This is a proof of concept and scientific research project, not a production system. Our development approach:

Simple and straightforward code style without unnecessary complexity
Fix problems at the source rather than implementing workarounds
Clean and understandable code that can be easily modified
Sound and correct implementations even if not perfect
Test coverage for new features and bug fixes
Rapid iteration with willingness to remove obsolete code

We follow KISS and DRY principles pragmatically, focusing on research goals over production polish.

Architecture

Typographical The typeset length of the hidden word may be rather exactly determined by setting the text before and after it in a way identical to the visible text. The discriminatory power of the typeset word length constraint depends on the font originally used.
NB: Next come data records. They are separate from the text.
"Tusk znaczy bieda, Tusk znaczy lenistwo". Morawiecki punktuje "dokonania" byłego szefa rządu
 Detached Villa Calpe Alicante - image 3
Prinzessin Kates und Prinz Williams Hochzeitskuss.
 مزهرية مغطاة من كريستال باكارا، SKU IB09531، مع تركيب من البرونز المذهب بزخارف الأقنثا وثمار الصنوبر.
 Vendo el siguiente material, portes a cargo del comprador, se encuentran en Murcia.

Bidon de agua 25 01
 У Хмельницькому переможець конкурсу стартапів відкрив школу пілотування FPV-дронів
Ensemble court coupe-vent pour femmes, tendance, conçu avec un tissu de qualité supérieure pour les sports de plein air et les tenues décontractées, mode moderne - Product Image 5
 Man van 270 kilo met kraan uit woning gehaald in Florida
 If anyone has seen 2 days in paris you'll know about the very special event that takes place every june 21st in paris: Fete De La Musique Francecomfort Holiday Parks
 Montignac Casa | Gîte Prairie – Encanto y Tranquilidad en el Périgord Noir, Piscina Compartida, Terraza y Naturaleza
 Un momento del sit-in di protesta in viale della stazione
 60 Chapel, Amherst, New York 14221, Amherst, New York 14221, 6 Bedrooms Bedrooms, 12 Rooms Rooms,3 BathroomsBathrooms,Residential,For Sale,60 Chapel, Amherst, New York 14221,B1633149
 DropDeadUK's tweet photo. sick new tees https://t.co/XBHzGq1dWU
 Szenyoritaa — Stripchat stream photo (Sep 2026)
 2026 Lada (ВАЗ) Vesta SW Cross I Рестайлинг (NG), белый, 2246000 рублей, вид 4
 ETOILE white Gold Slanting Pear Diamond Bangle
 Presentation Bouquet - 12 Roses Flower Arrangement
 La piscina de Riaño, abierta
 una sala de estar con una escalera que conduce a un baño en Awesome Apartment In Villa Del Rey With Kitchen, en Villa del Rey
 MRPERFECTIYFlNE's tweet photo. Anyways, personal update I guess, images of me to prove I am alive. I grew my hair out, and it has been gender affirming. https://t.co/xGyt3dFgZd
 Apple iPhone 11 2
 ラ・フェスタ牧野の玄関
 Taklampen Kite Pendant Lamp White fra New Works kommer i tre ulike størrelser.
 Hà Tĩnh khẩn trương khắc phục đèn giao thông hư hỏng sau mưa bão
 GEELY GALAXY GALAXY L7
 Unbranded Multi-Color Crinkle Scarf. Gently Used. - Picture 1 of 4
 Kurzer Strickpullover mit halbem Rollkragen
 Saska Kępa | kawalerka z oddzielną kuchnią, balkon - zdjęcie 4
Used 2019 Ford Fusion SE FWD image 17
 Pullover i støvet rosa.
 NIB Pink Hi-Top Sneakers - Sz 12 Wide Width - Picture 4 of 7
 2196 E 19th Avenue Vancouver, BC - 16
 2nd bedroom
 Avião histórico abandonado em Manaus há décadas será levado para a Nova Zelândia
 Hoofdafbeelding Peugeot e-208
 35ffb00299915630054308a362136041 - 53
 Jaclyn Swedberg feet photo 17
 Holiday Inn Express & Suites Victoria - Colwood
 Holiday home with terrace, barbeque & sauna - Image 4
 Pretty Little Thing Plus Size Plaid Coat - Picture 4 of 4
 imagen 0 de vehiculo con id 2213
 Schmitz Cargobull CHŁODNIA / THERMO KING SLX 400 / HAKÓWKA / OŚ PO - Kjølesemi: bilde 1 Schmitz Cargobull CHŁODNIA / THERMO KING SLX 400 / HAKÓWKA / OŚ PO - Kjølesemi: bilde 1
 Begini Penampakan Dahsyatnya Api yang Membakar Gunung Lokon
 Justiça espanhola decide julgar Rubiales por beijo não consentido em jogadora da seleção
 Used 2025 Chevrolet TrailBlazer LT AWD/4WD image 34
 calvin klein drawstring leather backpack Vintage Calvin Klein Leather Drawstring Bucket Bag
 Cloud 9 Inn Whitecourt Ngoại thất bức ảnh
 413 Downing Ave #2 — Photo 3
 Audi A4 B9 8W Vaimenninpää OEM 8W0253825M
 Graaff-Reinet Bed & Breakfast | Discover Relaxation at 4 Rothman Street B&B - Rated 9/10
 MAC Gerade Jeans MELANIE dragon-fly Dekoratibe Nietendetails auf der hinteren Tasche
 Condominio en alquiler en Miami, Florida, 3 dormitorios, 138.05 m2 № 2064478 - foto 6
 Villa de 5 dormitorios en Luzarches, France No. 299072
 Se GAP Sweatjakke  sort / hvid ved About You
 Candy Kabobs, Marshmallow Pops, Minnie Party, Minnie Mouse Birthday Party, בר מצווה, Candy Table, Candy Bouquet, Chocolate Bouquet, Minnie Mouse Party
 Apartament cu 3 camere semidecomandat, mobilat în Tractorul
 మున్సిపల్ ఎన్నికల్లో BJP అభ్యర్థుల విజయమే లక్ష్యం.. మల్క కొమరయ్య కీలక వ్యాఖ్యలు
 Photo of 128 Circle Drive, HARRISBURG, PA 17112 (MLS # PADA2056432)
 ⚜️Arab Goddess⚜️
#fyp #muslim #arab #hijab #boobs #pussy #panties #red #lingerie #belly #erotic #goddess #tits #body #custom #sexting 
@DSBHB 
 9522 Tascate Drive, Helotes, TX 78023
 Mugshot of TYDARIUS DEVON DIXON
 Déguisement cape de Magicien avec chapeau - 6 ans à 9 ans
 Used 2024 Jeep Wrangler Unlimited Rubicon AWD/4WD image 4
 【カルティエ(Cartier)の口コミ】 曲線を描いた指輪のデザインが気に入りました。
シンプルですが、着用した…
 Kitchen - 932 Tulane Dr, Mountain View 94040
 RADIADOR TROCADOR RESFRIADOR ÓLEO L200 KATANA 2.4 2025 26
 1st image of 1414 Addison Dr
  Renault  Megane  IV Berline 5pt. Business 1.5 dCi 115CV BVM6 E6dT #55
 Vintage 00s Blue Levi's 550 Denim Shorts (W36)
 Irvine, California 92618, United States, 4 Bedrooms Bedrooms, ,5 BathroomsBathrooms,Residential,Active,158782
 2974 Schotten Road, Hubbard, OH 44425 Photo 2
A fixed-width font has the least discriminatory power as all words with the same number of letters are viable candidates. A font with more complex letter or part-of-word typesetting will considerably reduce the set of viable candidates.
Partly visible clues A word might be hidden, but some clues about the word's composition might be deduced from visible details. This often happens at the end of the word, where visible pixels might reveal that the word ends in a specific letter, or a letter from a small set of letters. This also applies to the top and bottom of a mask that might reveal clues where letters with tall stems or low extensions might hide.
Lack of visible extending elements Letters with vertical descenders or ascenders may be predicted to extend beyond the erased area of the word. If the erased area and type properties can both be determined, we may exclude certain groups of letters at positions where they should have protruded if they were present.
Semantic and grammatical Semantic and grammatical rules may rule out certain words or types of words that may result in nonsensical sentences.
Statistical analysis Analyzing the frequencies of words or letters may result in selecting words that are more probable to be present in a sentence in the current document.
Inter-mask relations If an unknown hidden word appears in more than one place, and we are able to determine that this is the case, the constraints applied to each of the words can be applied to both of them.

There are also factors that make the constraints above less discriminating:

Spelling errors will almost always change the length of the word and hence greatly reduce the probability of selecting the true hidden word.
Document quality Low-quality documents with, e.g., skewed or rotated text, non-linear deformations, blurry or low-resolution text.

Architecture

The web frontend is a Vite React app. It displays the PDF, the labels, and various features of the text layout.

The backend is implemented using Python, venv, and FastAPI. It does all the heavy lifting.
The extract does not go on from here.